Count the lines below that contain the word "this" and give only that number.
** Opening Provided records block **
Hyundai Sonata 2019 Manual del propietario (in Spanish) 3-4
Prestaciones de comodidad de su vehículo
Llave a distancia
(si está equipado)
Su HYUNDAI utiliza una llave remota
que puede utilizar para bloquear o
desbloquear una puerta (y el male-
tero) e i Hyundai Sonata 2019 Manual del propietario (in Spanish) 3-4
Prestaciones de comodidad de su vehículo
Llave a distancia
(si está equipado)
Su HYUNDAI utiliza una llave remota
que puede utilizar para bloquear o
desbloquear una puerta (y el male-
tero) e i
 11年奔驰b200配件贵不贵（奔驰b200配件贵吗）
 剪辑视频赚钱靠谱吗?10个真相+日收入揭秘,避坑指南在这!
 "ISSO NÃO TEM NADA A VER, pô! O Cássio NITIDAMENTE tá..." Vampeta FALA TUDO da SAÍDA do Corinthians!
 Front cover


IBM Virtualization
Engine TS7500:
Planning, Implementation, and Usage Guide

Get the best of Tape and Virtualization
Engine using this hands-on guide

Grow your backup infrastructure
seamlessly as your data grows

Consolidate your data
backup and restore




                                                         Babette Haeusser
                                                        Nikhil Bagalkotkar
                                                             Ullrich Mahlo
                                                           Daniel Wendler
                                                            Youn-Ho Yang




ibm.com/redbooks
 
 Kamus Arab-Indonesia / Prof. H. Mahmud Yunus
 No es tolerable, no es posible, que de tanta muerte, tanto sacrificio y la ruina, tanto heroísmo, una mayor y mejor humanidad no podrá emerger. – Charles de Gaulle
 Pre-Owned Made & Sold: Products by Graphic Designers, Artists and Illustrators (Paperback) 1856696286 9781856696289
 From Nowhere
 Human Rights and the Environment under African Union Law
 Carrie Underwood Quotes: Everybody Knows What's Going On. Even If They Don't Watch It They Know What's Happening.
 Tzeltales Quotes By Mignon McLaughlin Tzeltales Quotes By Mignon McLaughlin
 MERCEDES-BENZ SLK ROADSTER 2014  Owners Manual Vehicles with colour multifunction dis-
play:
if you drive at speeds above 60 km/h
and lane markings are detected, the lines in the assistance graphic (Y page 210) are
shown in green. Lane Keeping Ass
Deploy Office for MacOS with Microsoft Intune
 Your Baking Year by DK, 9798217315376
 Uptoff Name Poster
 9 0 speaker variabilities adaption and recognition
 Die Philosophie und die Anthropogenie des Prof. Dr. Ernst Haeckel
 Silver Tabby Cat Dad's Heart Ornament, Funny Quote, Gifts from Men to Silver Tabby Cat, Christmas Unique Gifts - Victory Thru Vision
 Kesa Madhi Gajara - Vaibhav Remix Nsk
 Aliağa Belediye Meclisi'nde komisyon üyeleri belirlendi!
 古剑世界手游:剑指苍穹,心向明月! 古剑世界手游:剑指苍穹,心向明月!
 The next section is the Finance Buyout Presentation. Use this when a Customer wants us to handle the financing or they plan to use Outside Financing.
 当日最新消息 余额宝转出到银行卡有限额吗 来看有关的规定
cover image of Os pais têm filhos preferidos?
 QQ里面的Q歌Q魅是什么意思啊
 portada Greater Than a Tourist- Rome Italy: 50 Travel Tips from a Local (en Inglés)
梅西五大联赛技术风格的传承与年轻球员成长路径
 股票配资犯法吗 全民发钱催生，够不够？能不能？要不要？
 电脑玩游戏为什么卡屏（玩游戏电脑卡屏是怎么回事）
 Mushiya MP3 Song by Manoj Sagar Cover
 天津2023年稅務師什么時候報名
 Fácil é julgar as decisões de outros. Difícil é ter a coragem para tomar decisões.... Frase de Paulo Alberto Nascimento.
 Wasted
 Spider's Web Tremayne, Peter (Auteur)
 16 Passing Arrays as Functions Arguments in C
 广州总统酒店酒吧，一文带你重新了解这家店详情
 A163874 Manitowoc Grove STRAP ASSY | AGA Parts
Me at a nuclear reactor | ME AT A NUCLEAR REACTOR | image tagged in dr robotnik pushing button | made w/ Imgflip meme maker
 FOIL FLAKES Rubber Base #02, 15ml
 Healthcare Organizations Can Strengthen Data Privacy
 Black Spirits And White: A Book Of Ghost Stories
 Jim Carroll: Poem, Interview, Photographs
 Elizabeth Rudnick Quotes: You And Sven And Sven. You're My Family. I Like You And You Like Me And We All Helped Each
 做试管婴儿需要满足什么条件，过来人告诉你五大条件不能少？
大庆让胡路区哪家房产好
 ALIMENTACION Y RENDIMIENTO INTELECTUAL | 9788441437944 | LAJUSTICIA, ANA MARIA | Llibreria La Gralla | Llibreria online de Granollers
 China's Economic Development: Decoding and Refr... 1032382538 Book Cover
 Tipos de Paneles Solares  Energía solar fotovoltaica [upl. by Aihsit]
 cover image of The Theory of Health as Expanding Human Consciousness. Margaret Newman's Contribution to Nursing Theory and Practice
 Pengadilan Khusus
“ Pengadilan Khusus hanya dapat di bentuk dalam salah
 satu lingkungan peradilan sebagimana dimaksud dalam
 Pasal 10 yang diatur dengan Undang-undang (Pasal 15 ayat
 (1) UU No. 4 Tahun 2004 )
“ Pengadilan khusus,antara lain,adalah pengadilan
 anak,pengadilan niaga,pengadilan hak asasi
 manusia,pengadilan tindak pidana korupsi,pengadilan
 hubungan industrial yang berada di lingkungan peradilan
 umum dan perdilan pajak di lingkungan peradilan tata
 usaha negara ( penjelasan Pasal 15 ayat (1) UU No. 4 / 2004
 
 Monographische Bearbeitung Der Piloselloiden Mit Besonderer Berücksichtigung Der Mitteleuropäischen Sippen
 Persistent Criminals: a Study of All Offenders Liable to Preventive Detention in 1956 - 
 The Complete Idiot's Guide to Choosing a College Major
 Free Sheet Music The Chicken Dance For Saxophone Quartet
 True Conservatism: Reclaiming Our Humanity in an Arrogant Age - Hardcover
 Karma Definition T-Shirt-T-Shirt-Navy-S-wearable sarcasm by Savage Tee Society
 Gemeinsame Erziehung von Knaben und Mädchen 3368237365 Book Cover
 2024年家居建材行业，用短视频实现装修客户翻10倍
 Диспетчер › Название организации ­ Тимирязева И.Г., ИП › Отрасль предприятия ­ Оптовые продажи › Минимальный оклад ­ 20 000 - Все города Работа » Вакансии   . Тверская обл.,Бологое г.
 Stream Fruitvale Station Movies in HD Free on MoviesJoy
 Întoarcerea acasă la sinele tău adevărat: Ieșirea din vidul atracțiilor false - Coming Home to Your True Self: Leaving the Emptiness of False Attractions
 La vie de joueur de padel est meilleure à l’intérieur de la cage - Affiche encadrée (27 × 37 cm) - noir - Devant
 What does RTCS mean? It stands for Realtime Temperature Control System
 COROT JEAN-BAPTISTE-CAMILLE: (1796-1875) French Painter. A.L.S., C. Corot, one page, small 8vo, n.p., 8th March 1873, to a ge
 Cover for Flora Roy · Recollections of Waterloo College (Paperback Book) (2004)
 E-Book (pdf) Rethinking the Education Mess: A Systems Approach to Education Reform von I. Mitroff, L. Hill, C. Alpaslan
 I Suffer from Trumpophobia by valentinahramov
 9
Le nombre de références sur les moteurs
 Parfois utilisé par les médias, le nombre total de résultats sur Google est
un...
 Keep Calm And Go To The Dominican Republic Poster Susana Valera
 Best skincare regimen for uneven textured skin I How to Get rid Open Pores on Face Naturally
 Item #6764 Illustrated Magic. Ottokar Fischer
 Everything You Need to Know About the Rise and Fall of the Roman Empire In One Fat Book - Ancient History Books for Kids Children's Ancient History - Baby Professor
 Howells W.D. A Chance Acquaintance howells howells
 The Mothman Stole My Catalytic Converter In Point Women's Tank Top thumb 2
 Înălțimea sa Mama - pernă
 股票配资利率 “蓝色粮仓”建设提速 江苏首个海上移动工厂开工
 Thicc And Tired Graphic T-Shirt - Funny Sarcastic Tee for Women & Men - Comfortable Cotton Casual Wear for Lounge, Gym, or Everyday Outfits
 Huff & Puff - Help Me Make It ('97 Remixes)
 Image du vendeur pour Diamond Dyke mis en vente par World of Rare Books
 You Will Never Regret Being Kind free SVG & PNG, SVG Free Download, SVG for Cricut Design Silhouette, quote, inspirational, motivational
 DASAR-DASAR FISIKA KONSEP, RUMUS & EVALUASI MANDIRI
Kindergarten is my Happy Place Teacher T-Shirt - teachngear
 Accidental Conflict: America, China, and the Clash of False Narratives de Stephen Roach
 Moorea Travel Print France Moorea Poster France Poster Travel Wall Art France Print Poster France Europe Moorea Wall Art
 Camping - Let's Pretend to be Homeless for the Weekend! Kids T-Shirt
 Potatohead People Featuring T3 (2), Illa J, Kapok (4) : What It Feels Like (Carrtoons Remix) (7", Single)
** Closing Provided records block **
Task response: 2